Rodriguez's recent films have moved further away from location shooting and onto more and more green-screens, dropping in the sets later via CGI (like the criminally underrated Sky Captain and the World of Tomorrow). Some of you may remember a PC game many years back called WING COMMANDER III: HEART OF THE TIGER - one of the first instances of this technology put in practice. The game was a spaceflight simulator that propelled its plot through cinematic cut scenes - among the first, if I remember correctly, to feature a roster of Hollywood talent including Mark Hamill, Malcolm McDowell, John Rhys Davies and Tom Wilson (of Back to the Future) - using the same technique that's on display here. I remember the thrill of playing that game was partly due to the fact that it felt like the world's first decent-sized budgeted interactive movie, and thinking prophetically that this would change the ways movies were made in the future. With today's desktop technology, a single person can create a film entirely by themselves with production values that rival those of Hollywood.

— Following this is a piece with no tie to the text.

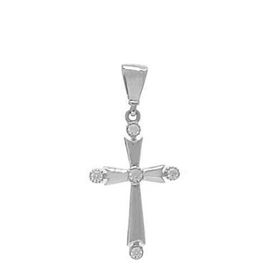 Foto de 10-636-10028B - CRUZ CIRCONITA 20X13MM O.B. 18K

Using his Spy Kids series, along with The Adventures of Sharkboy and Lavagirl in 3-D, as testbeds for the process, Rodriguez acheived a mastery of shooting virtual movies that he shot a short sequence of Sin City in order to persuade Miller (then burned out on Hollywood) to allow him to make a full feature. The test footage (seen in the finished film as "The Customer is Always Right" segement w/ Josh Hartnett) looks astonishingly like Miller's 2D chiaroscuro drawings brought to 3D life.

The film adapts three Sin City stories (I say adapt, but basically Rodriguez used the comics as the script) - "The Hard Goodbye", "The Big Fat Kill" and "That Yellow Bastard". Rodriguez was able to attract a bevy of big-name talent including Bruce Willis, Mickey Rourke, Clive Owen, Rosario Dawson, Jessica Alba, Benicio Del Toro, Elijah Wood, Rutger Hauer, Powers Booth, etc, etc - the list goes on. Shooting against a green screen allowed the director to shoot the actors out in a matter of days instead of weeks required by a committment to a standard feature.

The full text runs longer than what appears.